Assigned task: Only the lines in the entries below from the line with "Imagem ilustrativa da" to the line with "Used Volkswagen Teramont", both included, belong in the answer, transcribed exactly and without pictures.

Records shown:
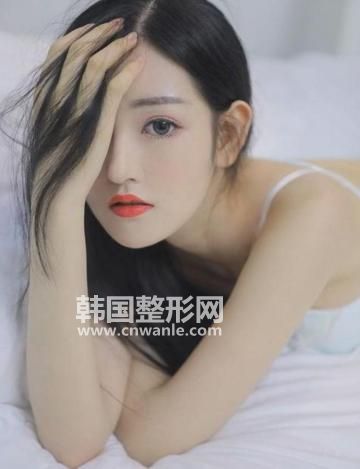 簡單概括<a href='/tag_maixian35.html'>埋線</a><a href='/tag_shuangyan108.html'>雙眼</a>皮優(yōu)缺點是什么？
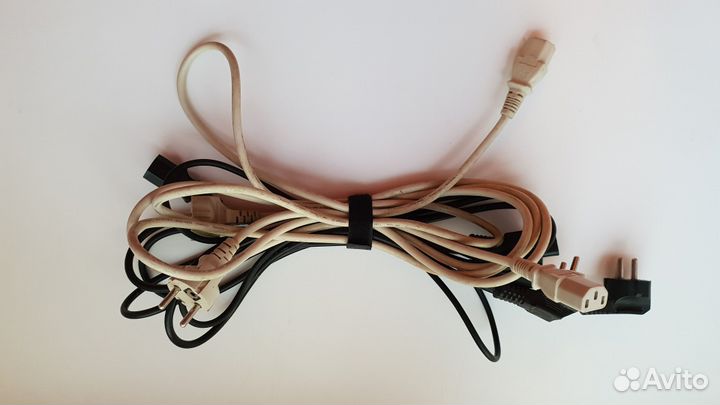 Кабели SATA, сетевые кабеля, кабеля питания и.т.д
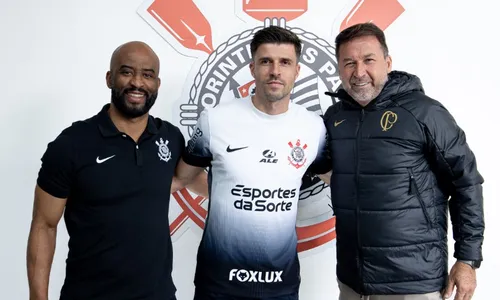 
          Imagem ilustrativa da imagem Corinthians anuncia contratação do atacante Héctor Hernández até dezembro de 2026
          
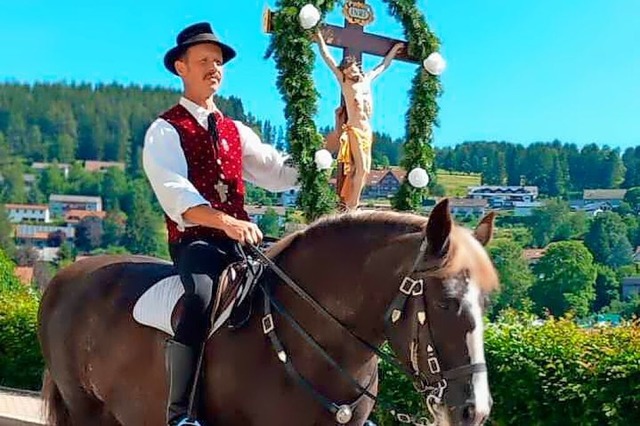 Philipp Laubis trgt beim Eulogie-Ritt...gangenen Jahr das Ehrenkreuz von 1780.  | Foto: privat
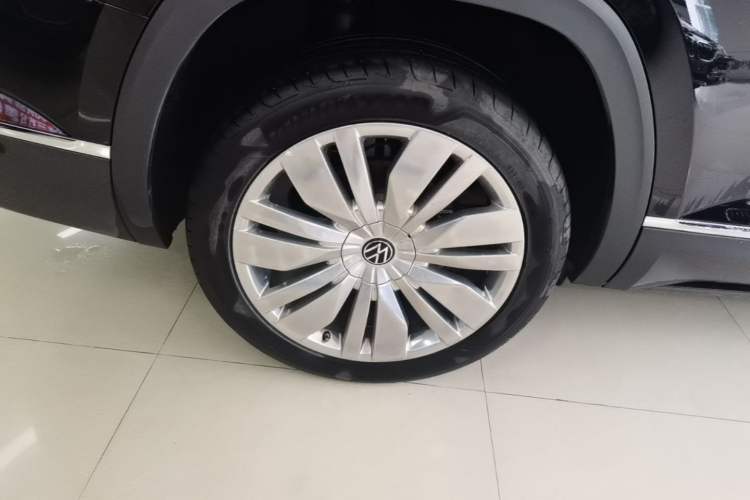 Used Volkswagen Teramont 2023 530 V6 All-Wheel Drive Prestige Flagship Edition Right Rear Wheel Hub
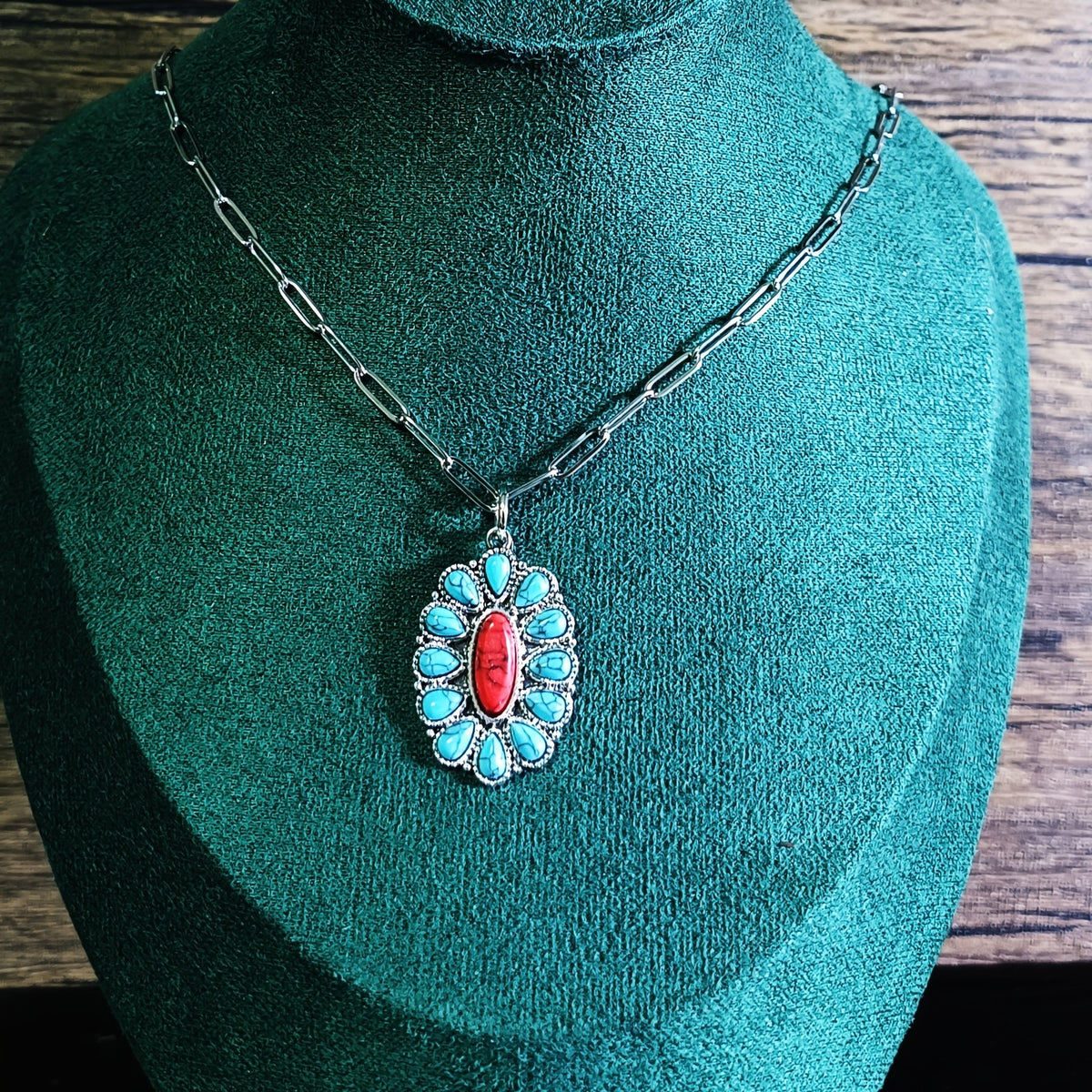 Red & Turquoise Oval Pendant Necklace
---
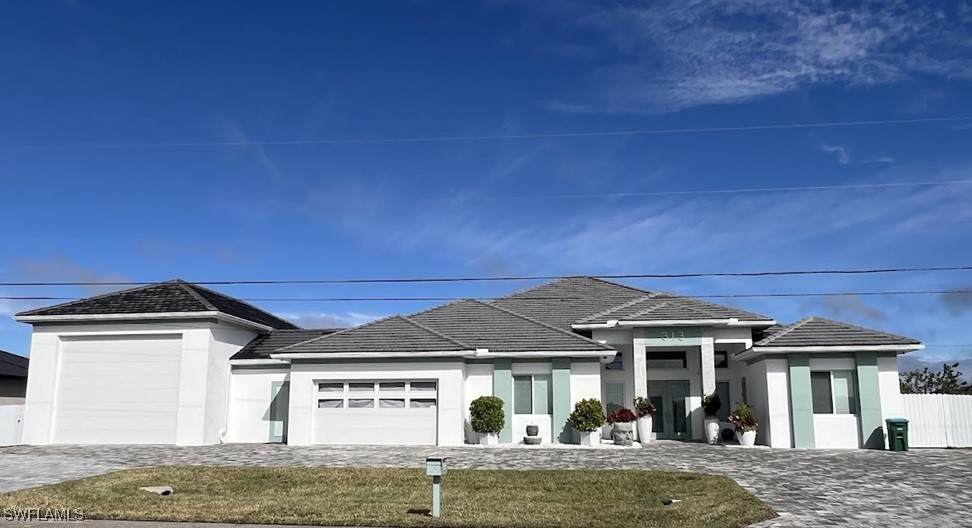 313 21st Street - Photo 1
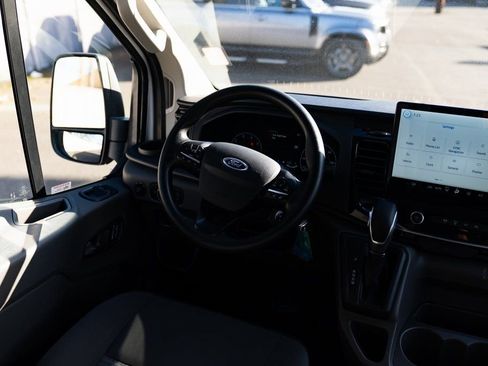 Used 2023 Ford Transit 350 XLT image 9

Output for this exercise:
          Imagem ilustrativa da imagem Corinthians anuncia contratação do atacante Héctor Hernández até dezembro de 2026
          
 Philipp Laubis trgt beim Eulogie-Ritt...gangenen Jahr das Ehrenkreuz von 1780.  | Foto: privat
 Used Volkswagen Teramont 2023 530 V6 All-Wheel Drive Prestige Flagship Edition Right Rear Wheel Hub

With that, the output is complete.